The flying trapeze comes about when a giant spider web envelops the stage (looking like what Spider-Man: Turn Off the Dark probably wanted to be), and truly utilizes the height and space of the venue, but the thematic elements of the show seem like a hodgepodge of horror house ideas. Still, when those trapeze artists are flying through the air, or the banquine performers are flipping over and on top of each other in multiple unison, it's hard to begrudge the show when there is such cool stuff on stage.










The Beatles LOVE is the first show to utilize existing music (since Cirque is usually famous for it's own scores), in a collaborative tribute to The Beatles, using new versions of the band's famous songs specifically created for the show. The joys of The Beatles music comes to life visually in what becomes more of a dance theatre piece than a typical Cirque show. The story of The Beatles, from children during the war, is sketchily outlined with their music, and movement and circus acrobatics help enhance their music, as opposed to music and a theme tying together different circus acts. Every song now becomes a beautiful image, with silhouettes of The Beatles appearing on screens every once in a while, and it becomes Cirque du Soleil's visual poetic ode to one of the most famed bands ever.


In a specially designed theatre at The Mirage, the 360 in-the-round (sort of) stage is filled with so many dancers and acrobatics that it's often difficult to know where to focus on, with many little moments are happening everywhere on stage at the same time. The show is at its best when there is a particular focus, like in the telephone booth scene (a jumping/trampoline act), or at the fair with the roller skaters, in the most Cirque-like moments.
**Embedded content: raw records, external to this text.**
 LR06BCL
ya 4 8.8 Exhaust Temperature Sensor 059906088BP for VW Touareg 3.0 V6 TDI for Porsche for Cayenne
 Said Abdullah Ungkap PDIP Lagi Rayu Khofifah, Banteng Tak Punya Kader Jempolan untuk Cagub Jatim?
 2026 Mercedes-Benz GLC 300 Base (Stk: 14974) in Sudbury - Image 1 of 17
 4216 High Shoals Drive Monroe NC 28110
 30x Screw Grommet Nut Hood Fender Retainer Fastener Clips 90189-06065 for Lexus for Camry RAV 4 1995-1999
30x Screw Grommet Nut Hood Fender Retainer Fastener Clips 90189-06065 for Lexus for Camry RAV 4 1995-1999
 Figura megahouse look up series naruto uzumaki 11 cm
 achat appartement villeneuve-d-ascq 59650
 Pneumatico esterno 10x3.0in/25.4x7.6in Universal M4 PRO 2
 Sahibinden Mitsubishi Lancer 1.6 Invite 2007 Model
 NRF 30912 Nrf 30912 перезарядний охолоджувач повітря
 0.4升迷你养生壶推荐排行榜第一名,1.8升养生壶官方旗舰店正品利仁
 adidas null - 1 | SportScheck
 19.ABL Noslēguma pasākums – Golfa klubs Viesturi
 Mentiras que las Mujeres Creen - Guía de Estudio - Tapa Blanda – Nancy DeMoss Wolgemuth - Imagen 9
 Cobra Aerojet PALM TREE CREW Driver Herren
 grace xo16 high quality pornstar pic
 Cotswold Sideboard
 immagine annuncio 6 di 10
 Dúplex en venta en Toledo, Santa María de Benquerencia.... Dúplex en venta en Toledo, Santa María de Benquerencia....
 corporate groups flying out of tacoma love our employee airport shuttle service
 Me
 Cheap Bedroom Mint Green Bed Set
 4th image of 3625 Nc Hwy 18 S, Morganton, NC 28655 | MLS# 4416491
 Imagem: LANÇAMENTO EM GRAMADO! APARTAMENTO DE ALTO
Mystère, the first Cirque du Soleil show to set up shop in Las Vegas, is the most traditional Cirque tent show of the Las Vegas bunch since it was created when they only had touring tent shows. Even the theatre at Treasure Island resembles the seating of a tent show. The theme and story of the show goes back to those mystical outline of an idea that is an excuse to thread each circus act together, and it feels like old-school Cirque which isn't necessarily a bad thing. BUT, being in Las Vegas, and knowing about some of the newer, more gimmicky shows, one tends to have larger expectations.


Still, Mystère has some astonishing acts, like the trapeze artists, trampoline act or two muscled men with a hand to hand routine (essentially holding one another in various poses of balance). The show is classic Cirque at its core and no less wonderous.





Then, I finally got to see the famed O at Bellagio, or the "water" Cirque. And does it ever live up to the hype. Created by Dragone (who worked on many of the early quintessential Cirque shows, including Mystère), the show's famous stage is a giant pool that can seal up quickly with a hard surface and disappear just as fast. Thus acts take place on the stage, in the water, and many times both. The images are strange and haunting, with a glorious deep stage, carousel horses, a torn body, that continues in that mystical, lyrical atmospheric and undecipherable story Cirque is usually known for, and it works beautifully with the astonishing physical acts that matches the impressive technology of the stage.


From aerial hoops that dip into the water, to actual high dives into the pool, to contortion acts done upon floating icebergs on the ocean, to Russian swings that swing the performers into the water, O uses the water to its advantage and creates some stunning tricks, and countless gasp inducing moments. There is a beautiful lyrical fluidity for a show about water, and its nicely balanced with a fire act, creating tension in the surreal setting.


Even the clowns, two poor soles lost on a floating house in the floods, have a sadness (yet are actually truly funny) that sinks in with the rest of the elegant show. O is filled to the brim with astounding act after astounding acts, and is easily one of my favorite Cirque shows, if not THE favorite. It was actually O inducing.